One day at the beginning of winter I arrived in Yehupetz with my little bit of dairy — some twenty or so pounds of the best fresh butter you can buy, and two fine wheels of cheese worth their weight in gold and silver, may we both have as much! Of course, I sold out my merchandise completely, nothing at all was left even if my life depended on it. I was so busy, I had no time to chat with my summer customers, the Boiberik dacha owners, who wait for me as if I were the Messiah because the Yehupetz merchants’ produce can’t hold a candle to Tevye’s. I needn’t tell you, as the prophet said: Let other men praise thee —good products praise themselves.

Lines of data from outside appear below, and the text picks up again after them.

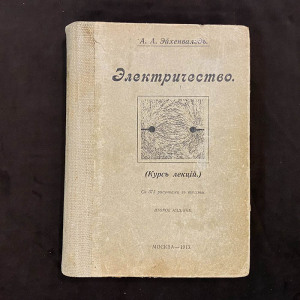 "Электричество. Курс лекций" А.А. Эйхенвальд
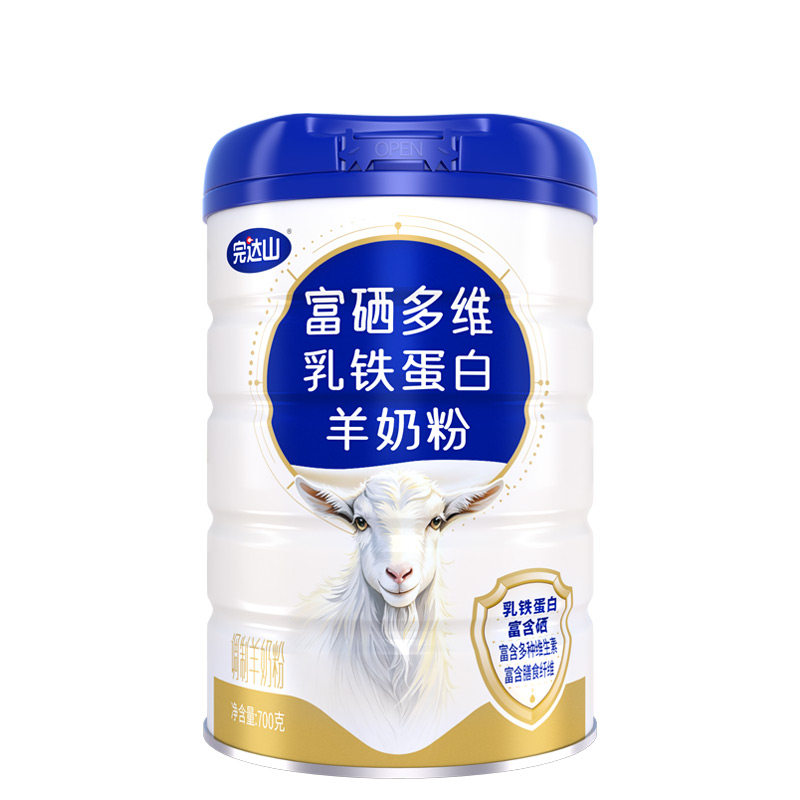 多买优惠完达山成人羊奶粉中老年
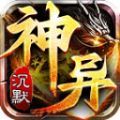 神异沉默游戏官方版 v4.4.8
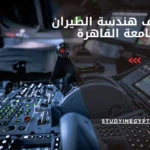 مصاريف هندسة الطيران بجامعة القاهرة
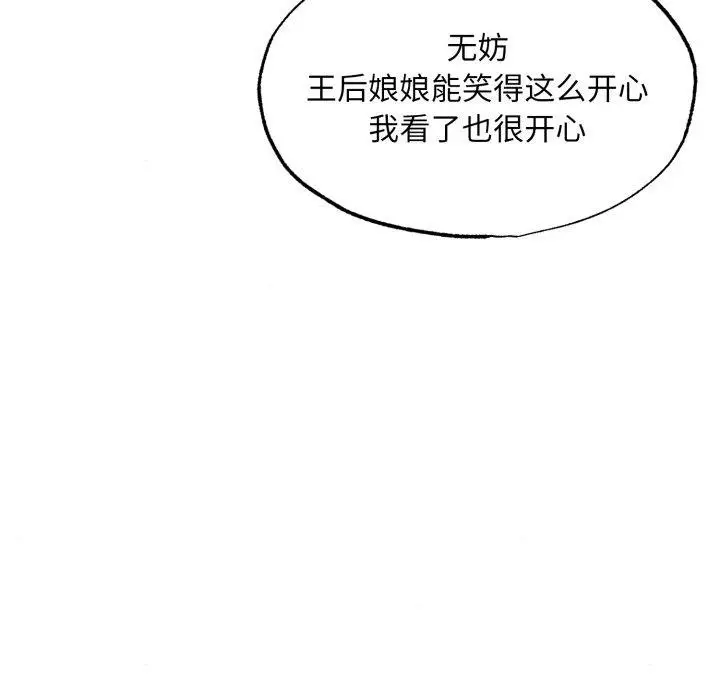 漫画《狂眼》第90话第104张图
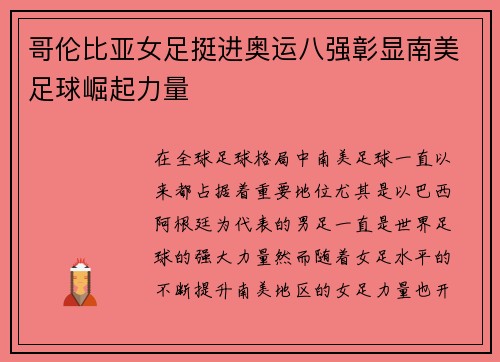哥伦比亚女足挺进奥运八强彰显南美足球崛起力量 哥伦比亚女足挺进奥运八强彰显南美足球崛起力量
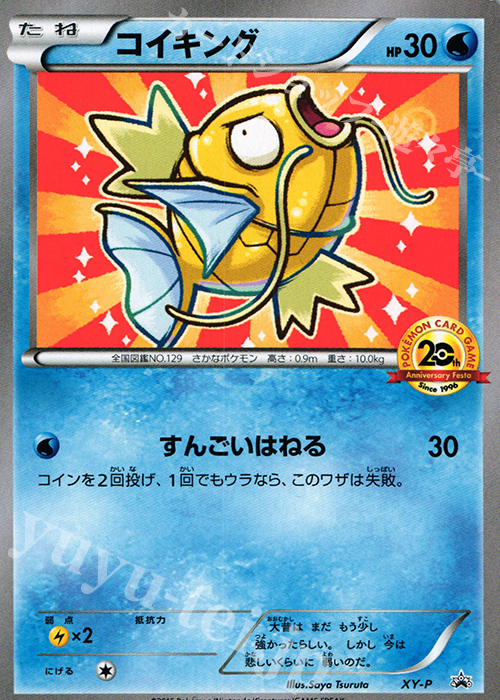 PROMO コイキング(20th) | 販売 | XY プロモーションカード【その他】 | ポケモンカードゲーム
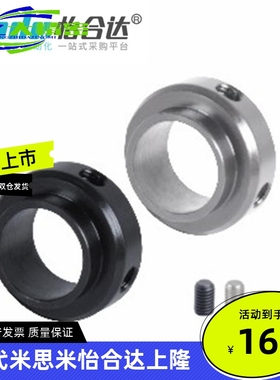 怡合达FBC01/2/6/21/22/51/52-D10-S13轴承固定环 紧定螺钉锁紧型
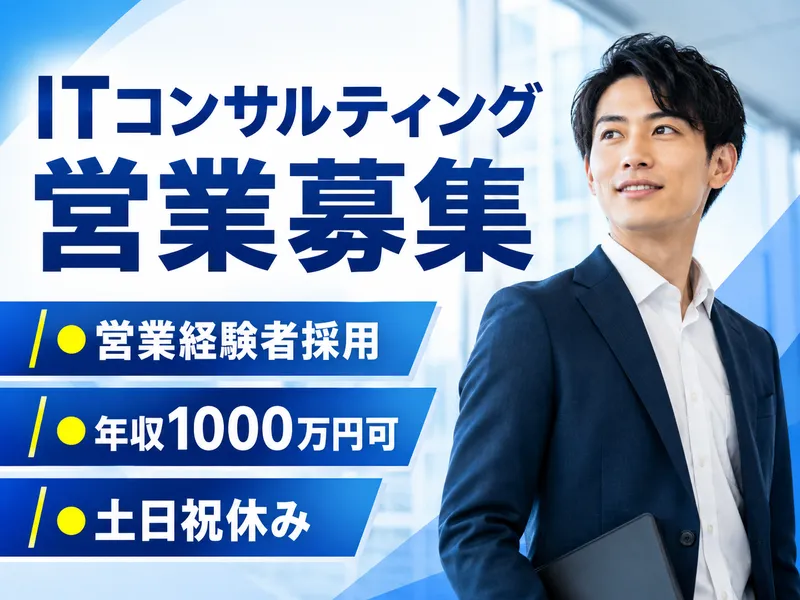 株式会社ノースサンドの求人・転職情報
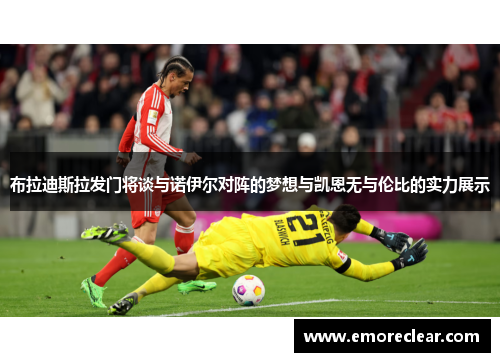 布拉迪斯拉发门将谈与诺伊尔对阵的梦想与凯恩无与伦比的实力展示
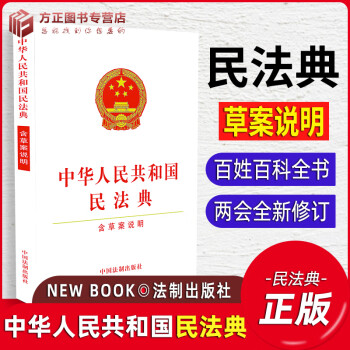 中华人民共和国民法典含草案说明 32开白皮单行本 全国新修订版 法制出版社 2020正版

Having sold everything and thrown some hay to my horse, I decided to take a stroll around town. As it is said, Man is but dust —a man is only human. I wanted to see a bit of the world, breathe the air, and look at the fine goods that Yehupetz displays in its shopwindows, which seem to say, “Look with your eyes as much as you like, but to touch — don’t dare!” Standing just like that at a large shopwindow with a pocketful of coins and ruble notes, I thought, God in heaven! If I had a tenth of what I see here, I would never complain to God again. I’d make a match for my eldest daughter and give her a good dowry, besides wedding presents, a wardrobe, and wedding expenses. I’d sell the horse and wagon and the little cows and move right into town, buy a seat by the eastern wall of the shul . I’d get pearls for my wife, long may she live, and distribute charity like the biggest property owner. I’d see to it that the house of study had a metal roof, not a roof about to collapse any minute. I’d open a religious school in town and a hospital and a shelter like in other respectable cities so poor people wouldn’t have to lie around on the bare floor of the house of study. I’d get rid of Yenkl Sheygetz, the head of the burial society — enough drinking brandy and eating gizzards and chicken livers at the community’s expense.